A mass of ideal gas at pressure P is expanded isothermally to four times the original volume and then slowly compressed adiabatically to its original volume. Assuming `gamma` to be 1.5, the new pressure of the gas is

To solve the problem step by step, we will follow the processes of isothermal expansion and adiabatic compression of the ideal gas. ### Step 1: Isothermal Expansion We start with an ideal gas at pressure \( P \) and volume \( V \).
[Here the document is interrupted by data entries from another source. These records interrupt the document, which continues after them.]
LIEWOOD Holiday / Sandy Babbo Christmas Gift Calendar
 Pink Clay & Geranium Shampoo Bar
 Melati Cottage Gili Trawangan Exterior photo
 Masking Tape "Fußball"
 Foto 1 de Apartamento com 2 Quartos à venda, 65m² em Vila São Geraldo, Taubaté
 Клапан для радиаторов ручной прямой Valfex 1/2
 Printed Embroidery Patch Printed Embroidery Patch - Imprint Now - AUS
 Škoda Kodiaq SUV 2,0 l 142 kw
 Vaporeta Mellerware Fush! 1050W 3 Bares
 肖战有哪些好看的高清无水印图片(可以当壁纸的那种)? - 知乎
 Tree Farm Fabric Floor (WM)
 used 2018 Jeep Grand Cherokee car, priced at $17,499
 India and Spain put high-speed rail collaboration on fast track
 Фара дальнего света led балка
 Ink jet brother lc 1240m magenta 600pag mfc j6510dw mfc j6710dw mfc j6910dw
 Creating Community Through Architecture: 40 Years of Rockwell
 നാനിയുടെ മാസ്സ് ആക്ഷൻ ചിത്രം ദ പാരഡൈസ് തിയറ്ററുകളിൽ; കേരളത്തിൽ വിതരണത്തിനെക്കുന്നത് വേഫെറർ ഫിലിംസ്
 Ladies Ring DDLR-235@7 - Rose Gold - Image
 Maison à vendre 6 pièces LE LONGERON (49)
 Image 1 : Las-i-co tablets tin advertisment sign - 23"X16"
The gas is expanded isothermally to four times its original volume. Using the ideal gas law for isothermal processes, we know that: \[ P_1 V_1 = P_2 V_2 \] Where: - \( P_1 = P \) (initial pressure) - \( V_1 = V \) (initial volume) - \( V_2 = 4V \) (final volume after expansion) Substituting the known values into the equation: \[ P \cdot V = P_2 \cdot (4V) \] ### Step 2: Solve for \( P_2 \) Now, we can solve for \( P_2 \): \[ P_2 = \frac{P \cdot V}{4V} = \frac{P}{4} \] ### Step 3: Adiabatic Compression Next, the gas is compressed adiabatically back to its original volume \( V \). For an adiabatic process, we use the relation: \[ P_2 V_2^\gamma = P_f V_f^\gamma \] Where: - \( P_2 = \frac{P}{4} \) (pressure after isothermal expansion) - \( V_2 = 4V \) (volume after isothermal expansion) - \( V_f = V \) (final volume after adiabatic compression) - \( \gamma = 1.5 \) Substituting these values into the equation: \[ \frac{P}{4} \cdot (4V)^{\gamma} = P_f \cdot V^{\gamma} \] ### Step 4: Simplify the Equation Now we simplify the equation: \[ \frac{P}{4} \cdot (4^\gamma \cdot V^\gamma) = P_f \cdot V^\gamma \] Cancelling \( V^\gamma \) from both sides: \[ \frac{P}{4} \cdot 4^\gamma = P_f \] ### Step 5: Substitute \( \gamma \) Now substituting \( \gamma = 1.5 \): \[ 4^{1.5} = (2^2)^{1.5} = 2^{3} = 8 \] Thus, we have: \[ P_f = \frac{P}{4} \cdot 8 = 2P \] ### Final Answer The new pressure of the gas after the adiabatic compression is: \[ \boxed{2P} \]